• _ASSIGNMENT_
Line by line, print the records exactly, and keep images out of the copy.

• _RECORDS FOR THE TASK_
◆ ◆ ◆ ◆ ◆ ◆ ◆

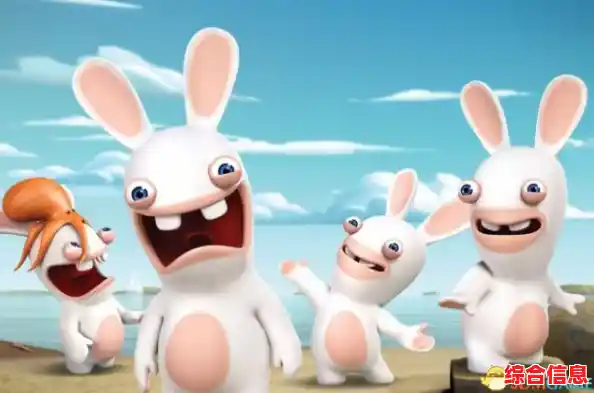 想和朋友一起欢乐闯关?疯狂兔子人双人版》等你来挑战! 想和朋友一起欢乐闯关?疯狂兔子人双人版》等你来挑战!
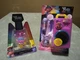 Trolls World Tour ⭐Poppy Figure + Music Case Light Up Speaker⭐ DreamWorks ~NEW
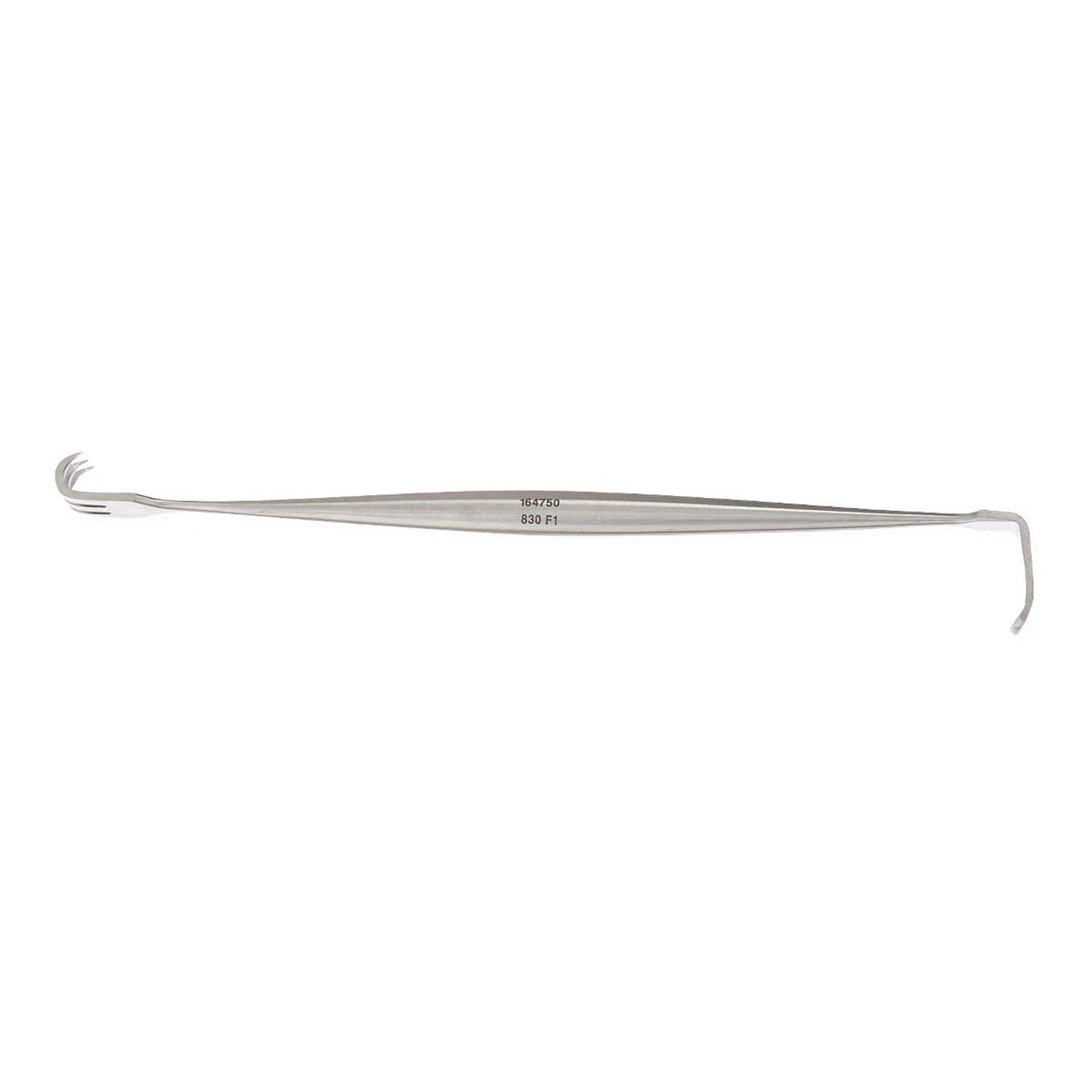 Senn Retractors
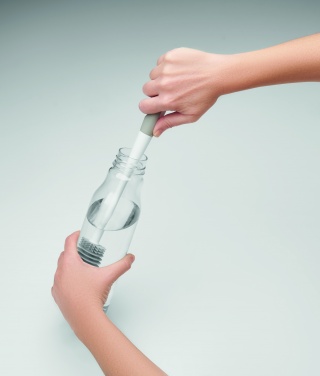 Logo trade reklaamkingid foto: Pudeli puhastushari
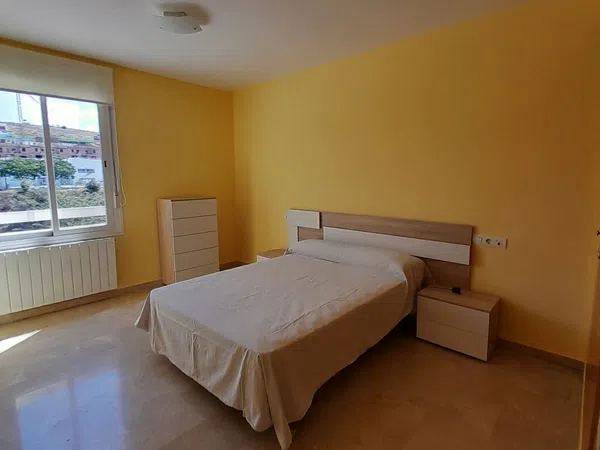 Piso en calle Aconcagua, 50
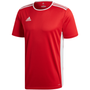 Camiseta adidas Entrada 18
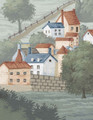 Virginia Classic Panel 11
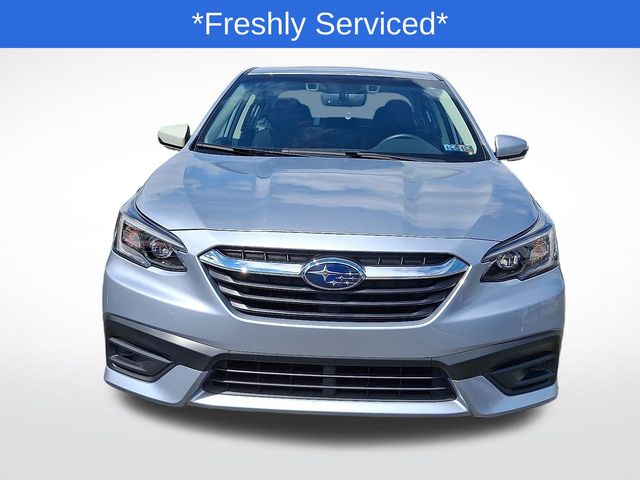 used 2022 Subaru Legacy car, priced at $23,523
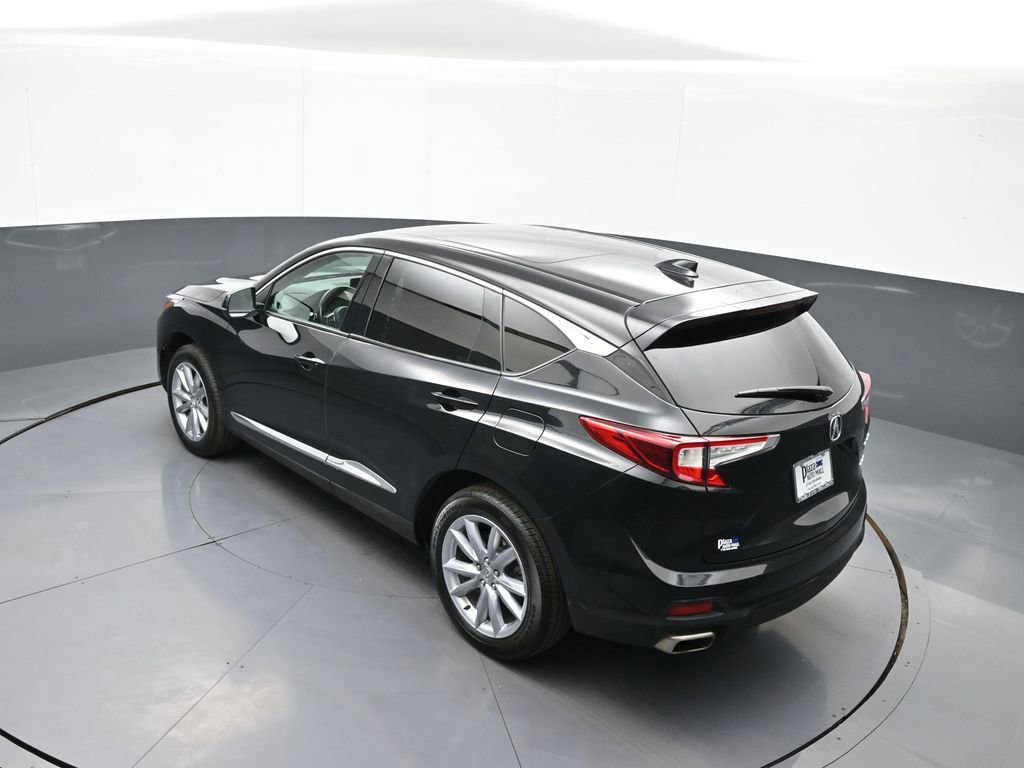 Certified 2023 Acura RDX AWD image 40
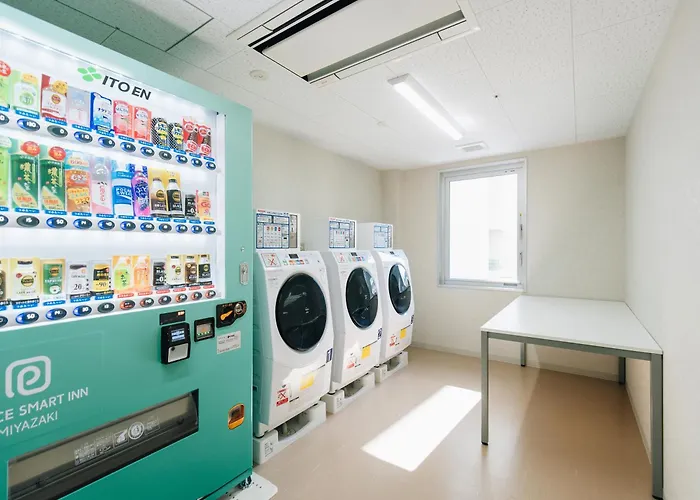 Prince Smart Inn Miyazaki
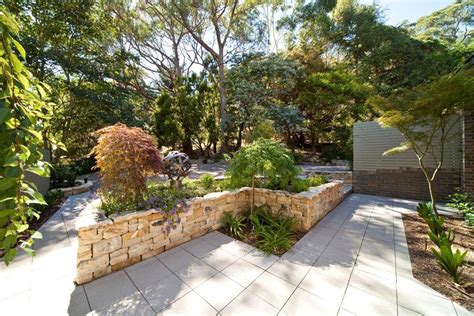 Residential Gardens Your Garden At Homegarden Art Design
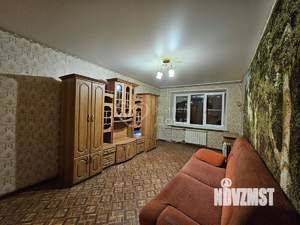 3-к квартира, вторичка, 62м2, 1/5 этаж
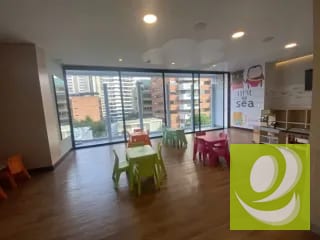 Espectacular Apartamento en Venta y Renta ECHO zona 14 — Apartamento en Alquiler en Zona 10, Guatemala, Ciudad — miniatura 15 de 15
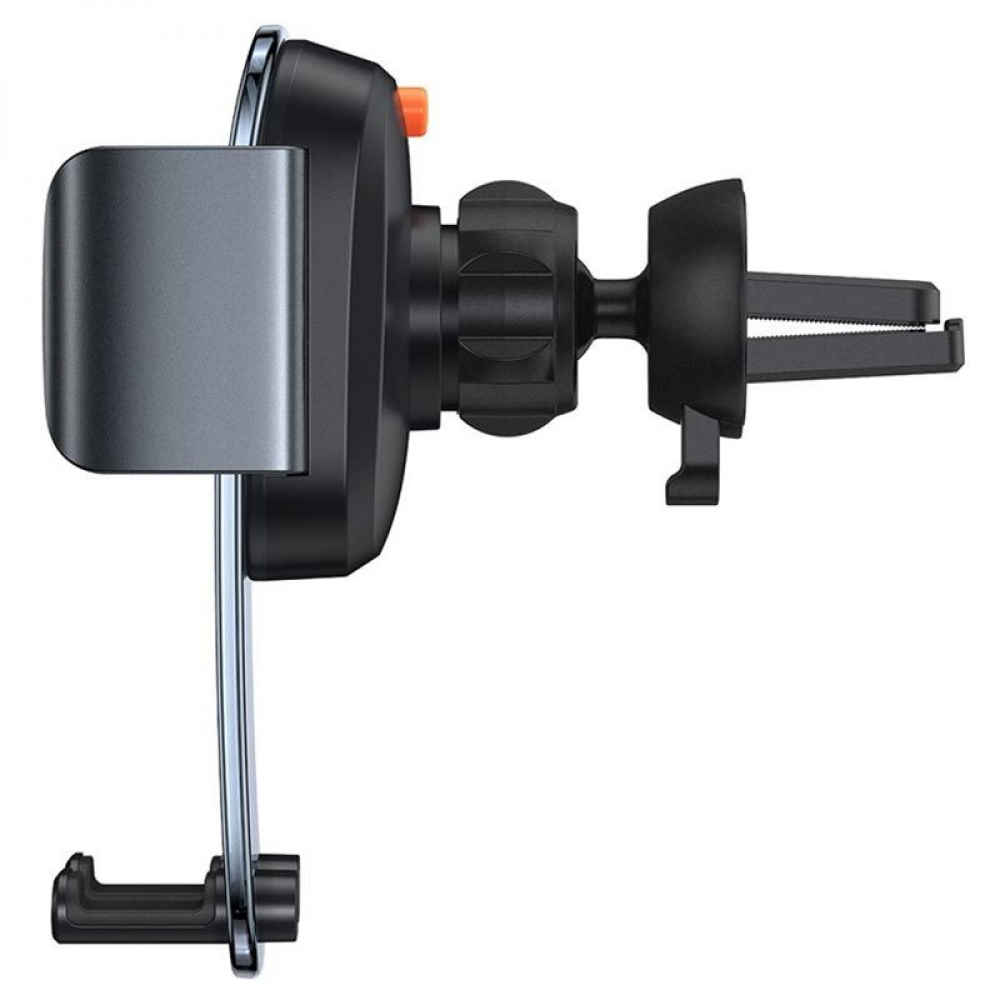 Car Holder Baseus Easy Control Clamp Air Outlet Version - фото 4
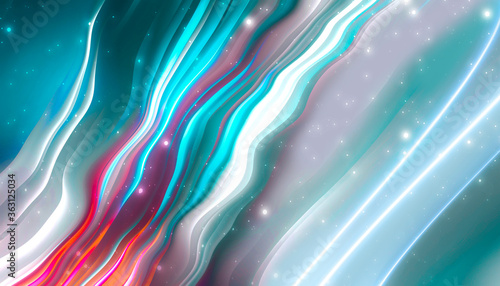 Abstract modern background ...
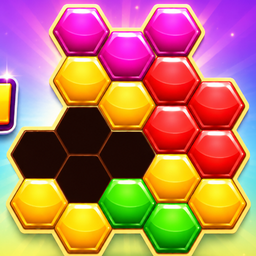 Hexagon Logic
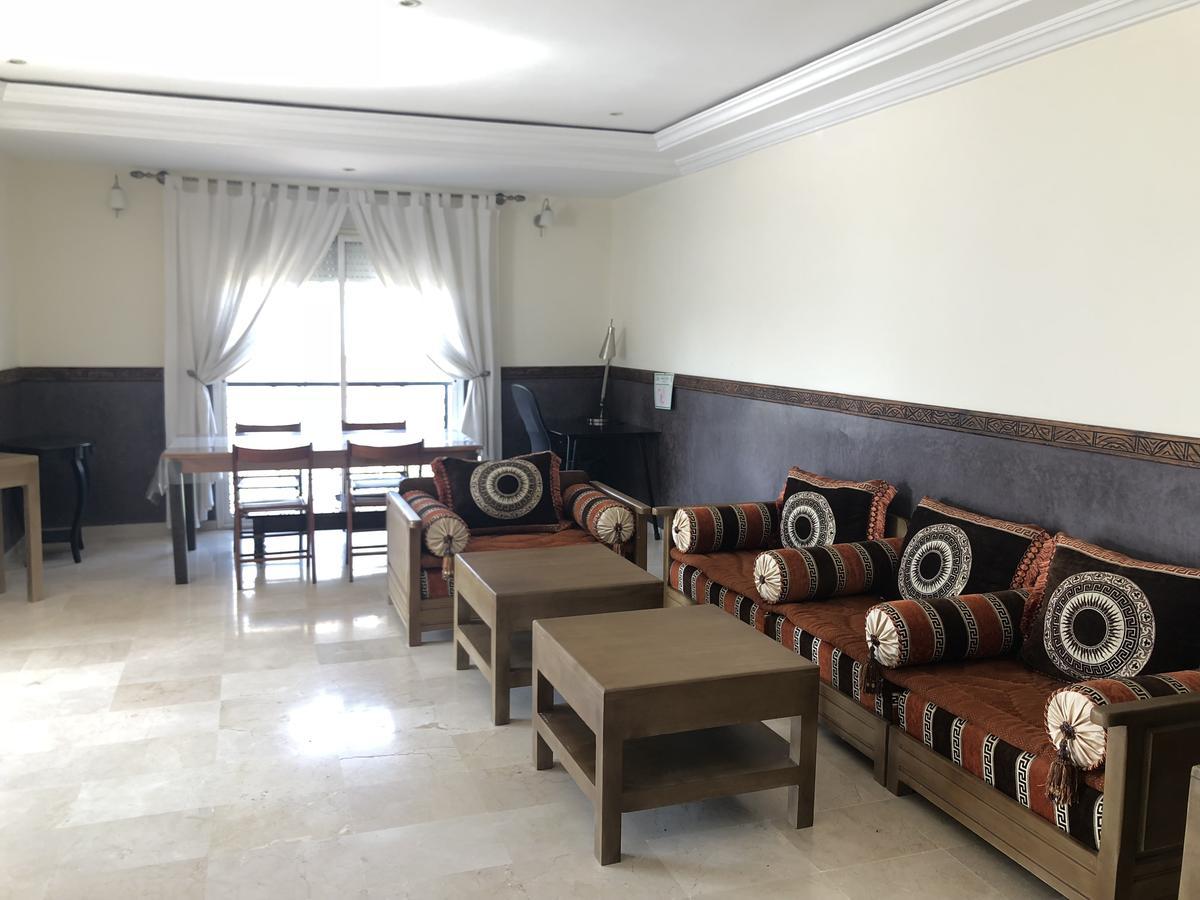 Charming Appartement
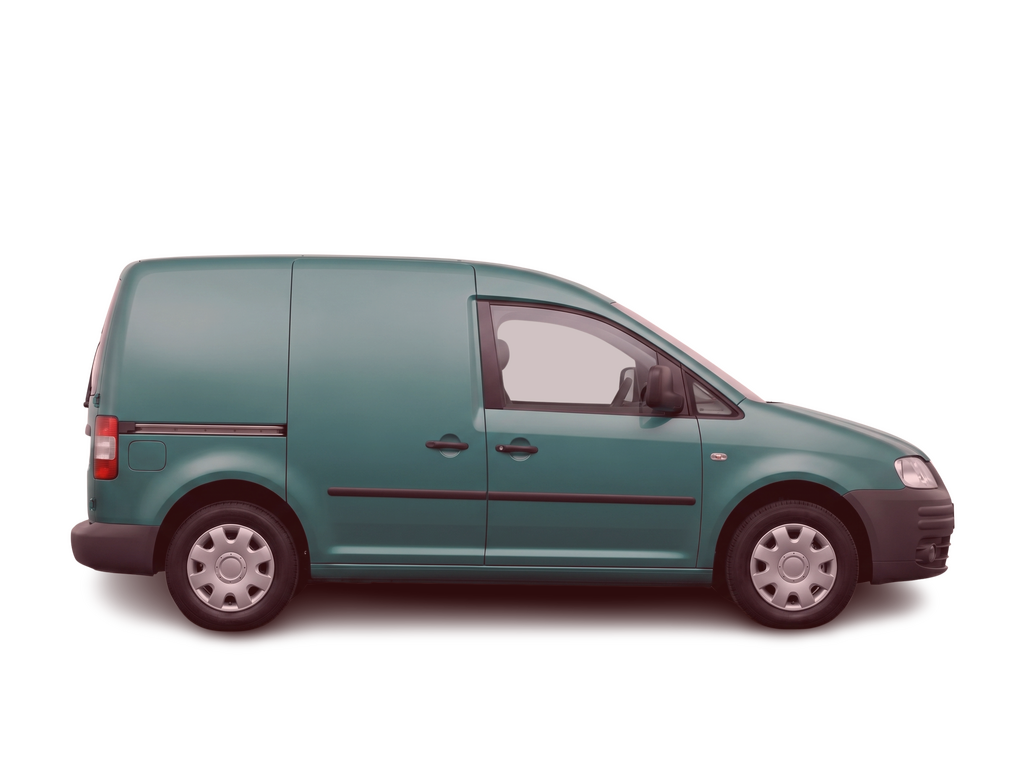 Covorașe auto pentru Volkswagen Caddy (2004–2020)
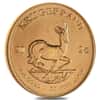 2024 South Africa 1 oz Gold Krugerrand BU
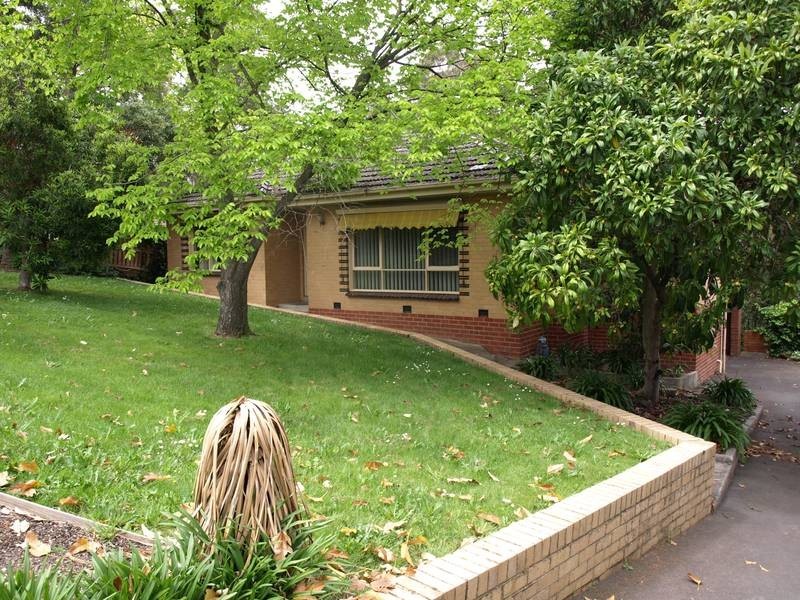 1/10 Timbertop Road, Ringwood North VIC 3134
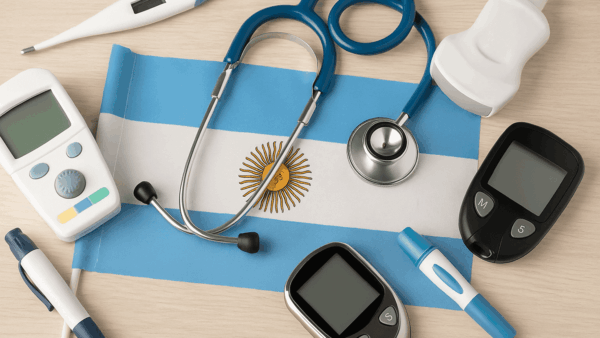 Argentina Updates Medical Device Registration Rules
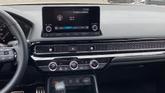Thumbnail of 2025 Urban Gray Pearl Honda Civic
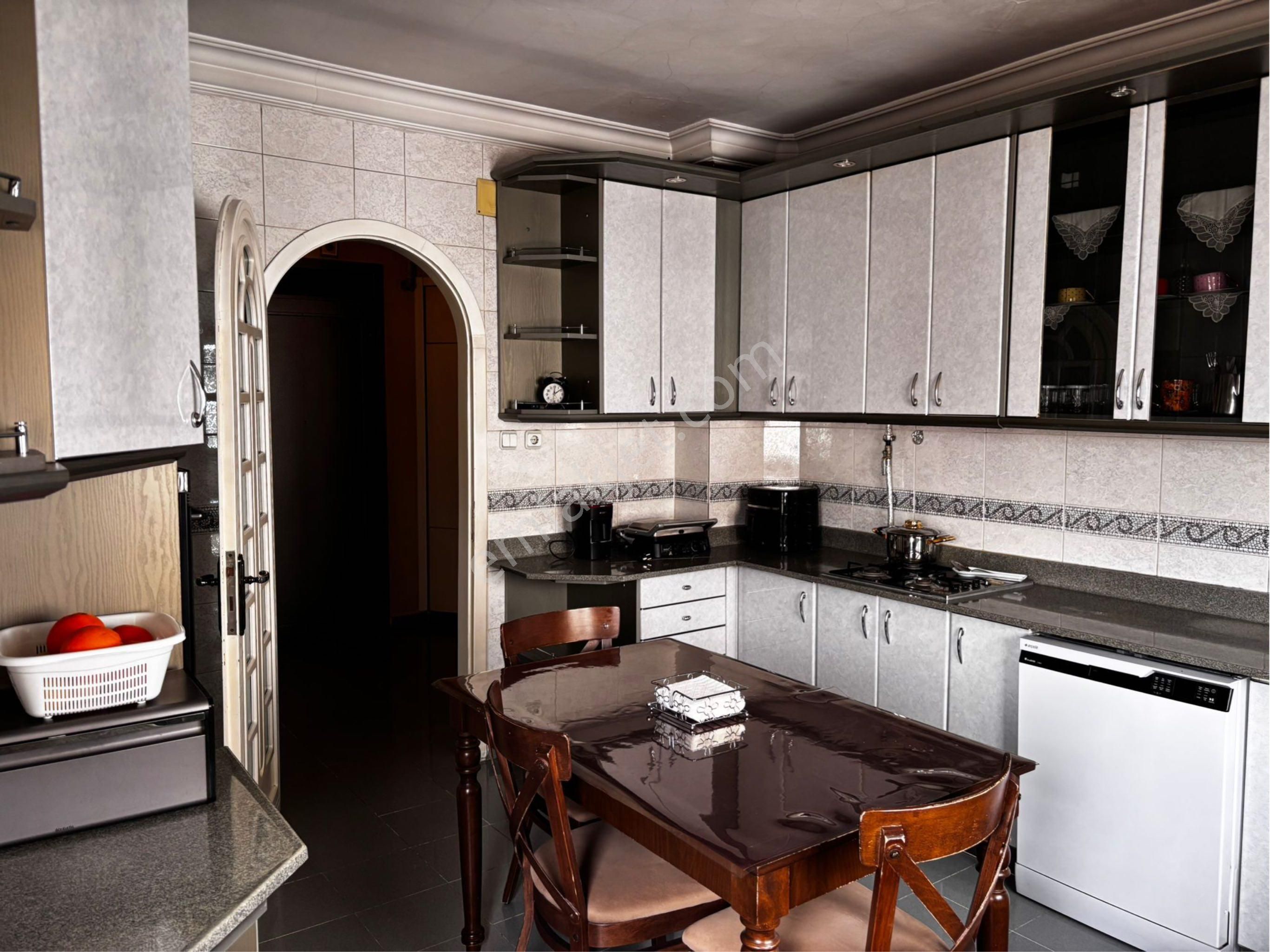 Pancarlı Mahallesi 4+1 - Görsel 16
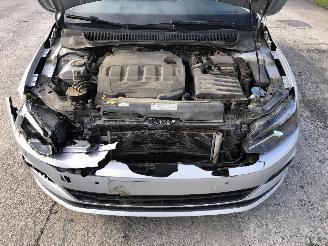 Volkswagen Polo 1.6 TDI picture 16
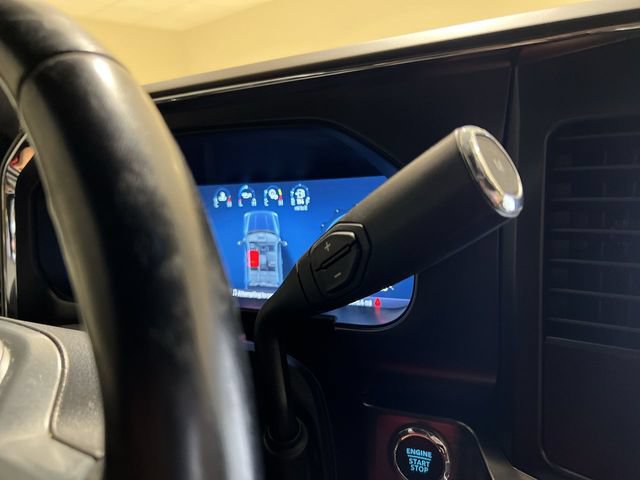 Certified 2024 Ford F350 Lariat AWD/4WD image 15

◆ ◆ ◆ ◆ ◆ ◆ ◆

• _PROBLEM SOLUTION_
 想和朋友一起欢乐闯关?疯狂兔子人双人版》等你来挑战! 想和朋友一起欢乐闯关?疯狂兔子人双人版》等你来挑战!
 Trolls World Tour ⭐Poppy Figure + Music Case Light Up Speaker⭐ DreamWorks ~NEW
 Senn Retractors
 Logo trade reklaamkingid foto: Pudeli puhastushari
 Piso en calle Aconcagua, 50
 Camiseta adidas Entrada 18
 Virginia Classic Panel 11
 used 2022 Subaru Legacy car, priced at $23,523
 Certified 2023 Acura RDX AWD image 40
 Prince Smart Inn Miyazaki
 Residential Gardens Your Garden At Homegarden Art Design
 3-к квартира, вторичка, 62м2, 1/5 этаж
 Espectacular Apartamento en Venta y Renta ECHO zona 14 — Apartamento en Alquiler en Zona 10, Guatemala, Ciudad — miniatura 15 de 15
 Car Holder Baseus Easy Control Clamp Air Outlet Version - фото 4
 Abstract modern background ...
 Hexagon Logic
 Charming Appartement
 Covorașe auto pentru Volkswagen Caddy (2004–2020)
 2024 South Africa 1 oz Gold Krugerrand BU
 1/10 Timbertop Road, Ringwood North VIC 3134
 Argentina Updates Medical Device Registration Rules
Thumbnail of 2025 Urban Gray Pearl Honda Civic
 Pancarlı Mahallesi 4+1 - Görsel 16
 Volkswagen Polo 1.6 TDI picture 16
 Certified 2024 Ford F350 Lariat AWD/4WD image 15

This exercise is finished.